Work task:
Write back every line of the listing exactly, excluding images.

Input data:
◇ ◇ ◇ ◇ ◇ ◇ ◇

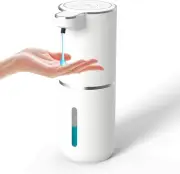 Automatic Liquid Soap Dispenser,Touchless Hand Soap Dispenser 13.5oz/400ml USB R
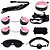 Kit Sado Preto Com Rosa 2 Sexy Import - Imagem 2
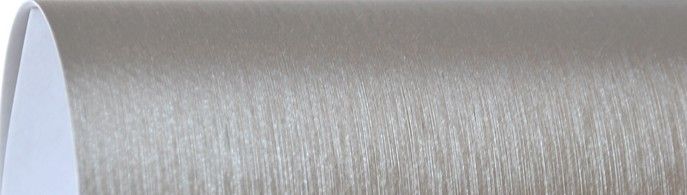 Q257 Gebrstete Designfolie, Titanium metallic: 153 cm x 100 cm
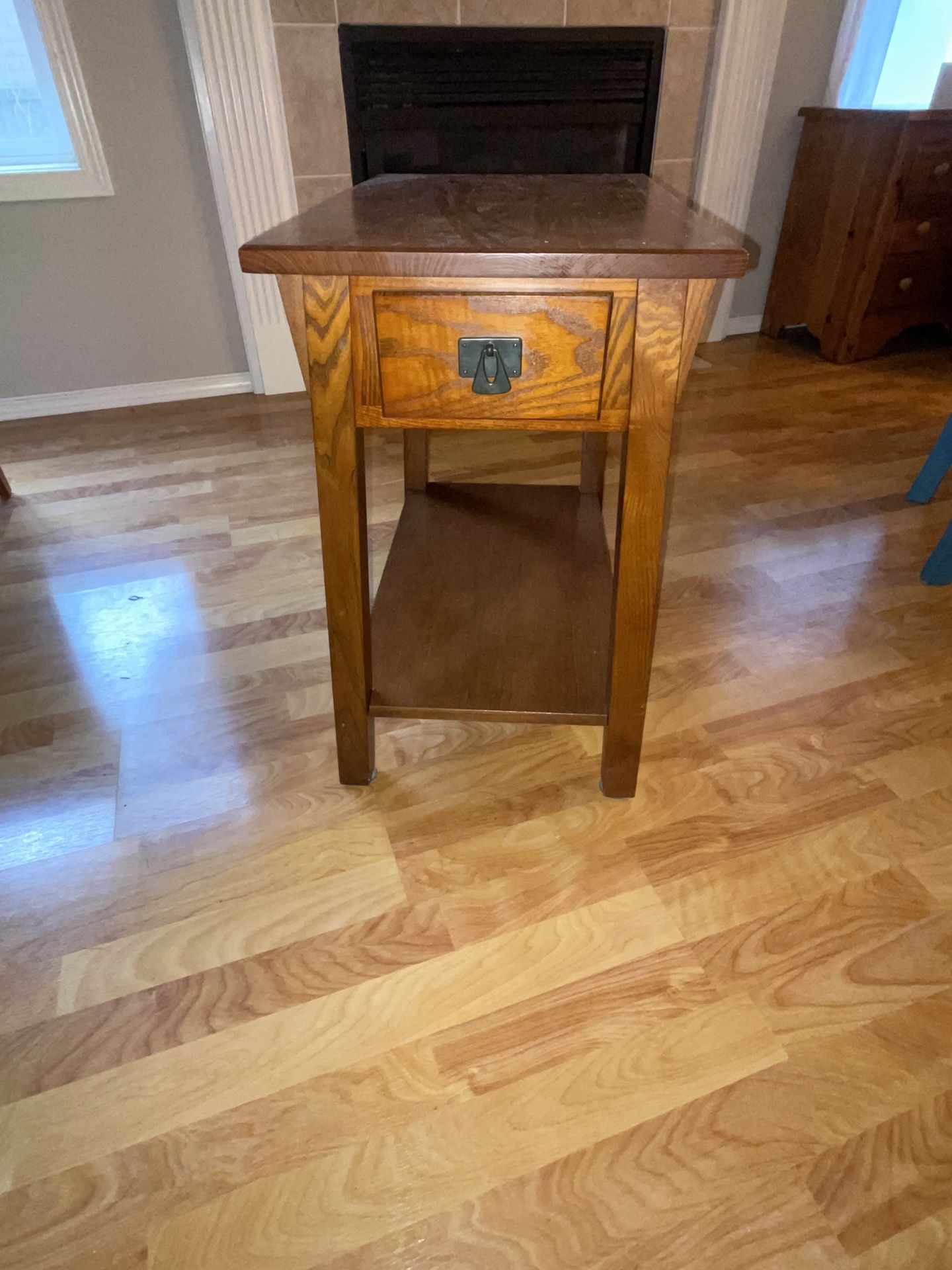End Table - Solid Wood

◇ ◇ ◇ ◇ ◇ ◇ ◇

Response to this task:
 Automatic Liquid Soap Dispenser,Touchless Hand Soap Dispenser 13.5oz/400ml USB R
 Kit Sado Preto Com Rosa 2 Sexy Import - Imagem 2
 Q257 Gebrstete Designfolie, Titanium metallic: 153 cm x 100 cm
End Table - Solid Wood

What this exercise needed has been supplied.